I’d like to fix whatever has gone wrong with the database to stop having to restart these services.

Foreman and Proxy versions:

1.24.2-1.el7

Foreman and Proxy plugin versions:

foreman-tasks 0.17.5
foreman_remote_execution 2.0.8
katello 3.14.1

Distribution and version:

CentOS Linux release 7.8.2003 (Core)

Other relevant data:

I’m happy to provide additional data but I’m not sure what is relevant as I’ve had a look at the logs and nothing jumps out at me.

mmulq · July 15, 2020, 2:28am

These queries never seem to finish.

foreman=# SELECT max(now() - xact_start) FROM pg_stat_activity
                       WHERE state IN ('idle in transaction', 'active');
   max
-----------------
 00:52:51.458709
(1 row)

mmulq · July 15, 2020, 2:43am

The query above is pid 1582. I tracked it down in pg_stat_activity here.

foreman=# select * from pg_stat_activity where pid=1582;
 datid | datname | pid  | usesysid | usename |           application_name            | client_addr | 
client_hostname | client_port |         backend_start         |          xact_start           |          query_start          |         state_change          | waiting | state  |                                                      query
-------+---------+------+----------+---------+---------------------------------------+-------------+-----------------+-------------+-------------------------------+-------------------------------+-------------------------------+-------------------------------+---------+--------+------------------------------------------------------------------------------------------------------------------
 16387 | foreman | 1582 |    16386 | foreman | Passenger RackApp: /usr/share/foreman |             |                 |          -1 | 2020-07-15 01:27:59.933182+00 | 2020-07-15 01:27:59.970731+00 | 2020-07-15 01:27:59.972241+00 | 2020-07-15 01:27:59.972242+00 | f       | active | INSERT INTO "sessions" ("session_id", "data", "created_at", "updated_at") VALUES ($1, $2, $3, $4) RETURNING "id"
(1 row)

mmulq · July 15, 2020, 11:54am

I’ve cleared the 1199 rows from the sessions table with ‘foreman-rake db:sessions:clear’, cleared the browser cookies for the foreman server, and vacuumed the DB. Let’s see if that fixes it.
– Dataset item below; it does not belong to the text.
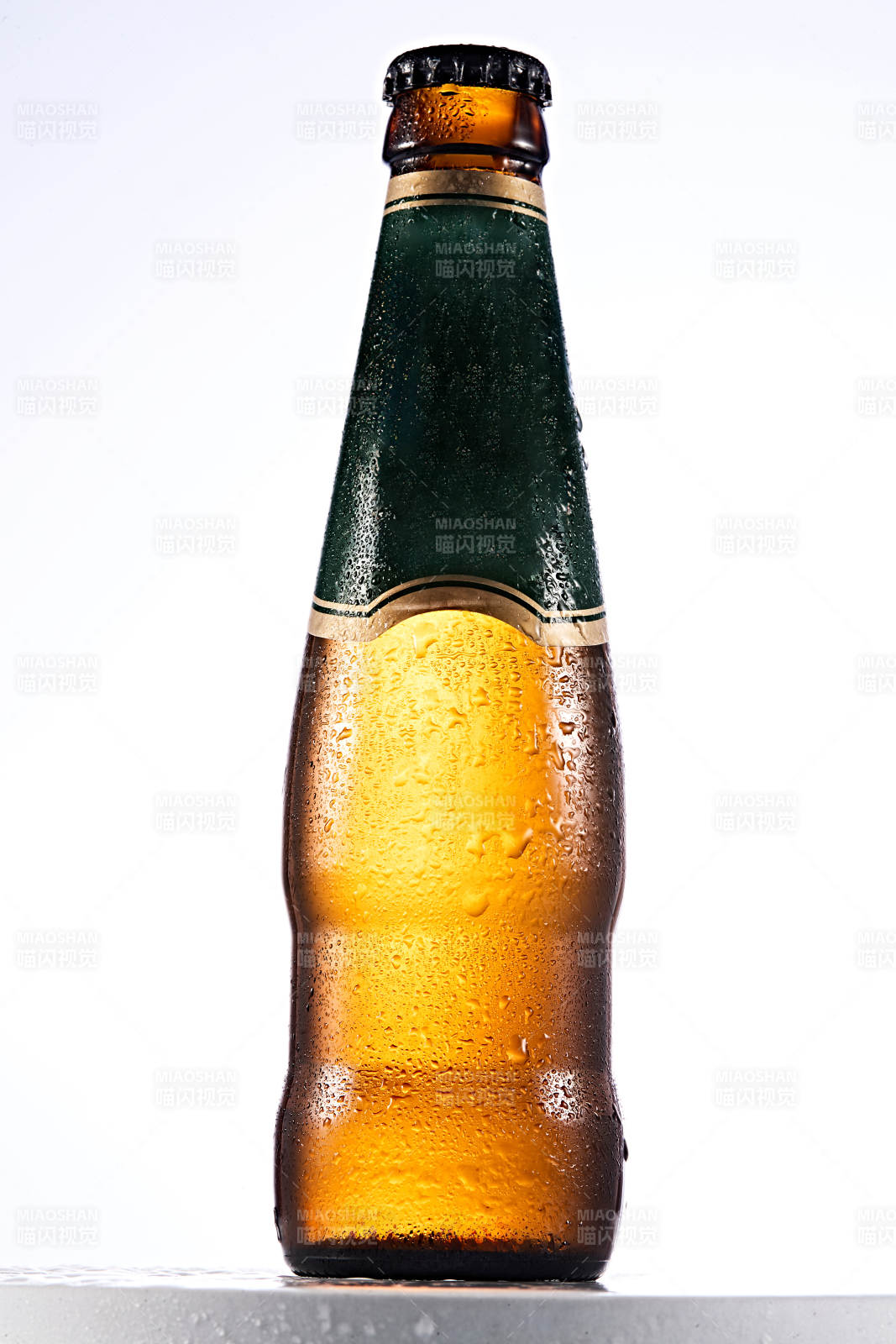 白色背景下精致酒瓶展示图片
mmulq · July 15, 2020, 4:22pm

That seems to have resolved it.

lzap · July 17, 2020, 12:22pm

I am curious how on Earch would 1k rows in a session table kill a VM that dramatically? We are speaking one thousand records. Was there some huge row or something? It could be some session storage attack maybe.

ekohl · July 17, 2020, 12:45pm

A missing NFS share could have caused some corruption or bad indexes. Perhaps a full vacuum would have been sufficient.
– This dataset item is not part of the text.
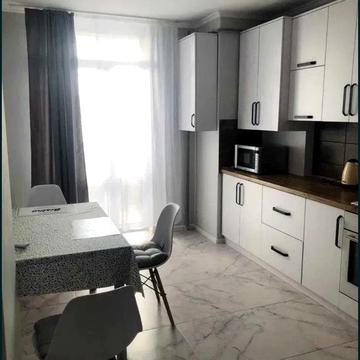 Глинянський Тракт вул., 153а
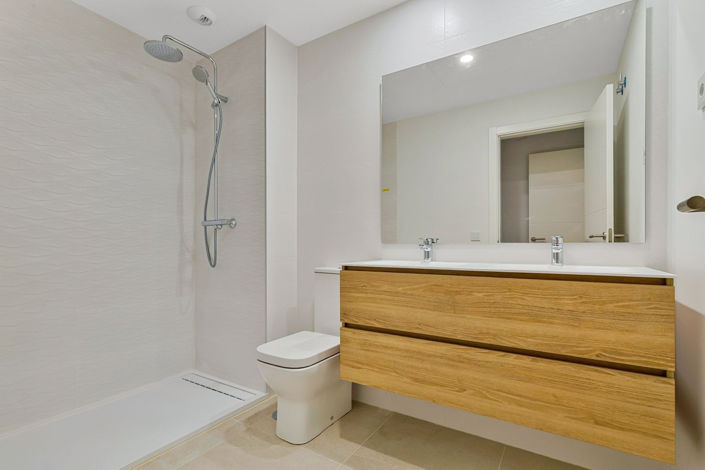 Image No.12-2 Bed Apartment for sale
mmulq · July 17, 2020, 6:53pm

I don’t think it was having 1k rows. I’m up to 500+ rows now and there’s no problem. I think that sessions weren’t being cleaned up or added due to some bad juju from the NFS share dropping. I had rows in that table from as far back as 7/6, which was the day the NFS share went down, before clearing that table and vacuuming. Now there is nothing older than a day.

lzap · July 20, 2020, 9:46am

Don’t we have a session cleanup rake task cron job? Maybe that one was not working? Is cron turned on?

mmulq · July 20, 2020, 5:06pm

The crond service is running and I found this in /etc/cron.d/foreman

# Clean up the session entries in the database
15 23 * * *     foreman    /usr/sbin/foreman-rake db:sessions:clear >>/var/log/foreman/cron.log 2>&1

This was running but must have been failing. It appears to be working properly now as there aren’t any session over 24hrs old.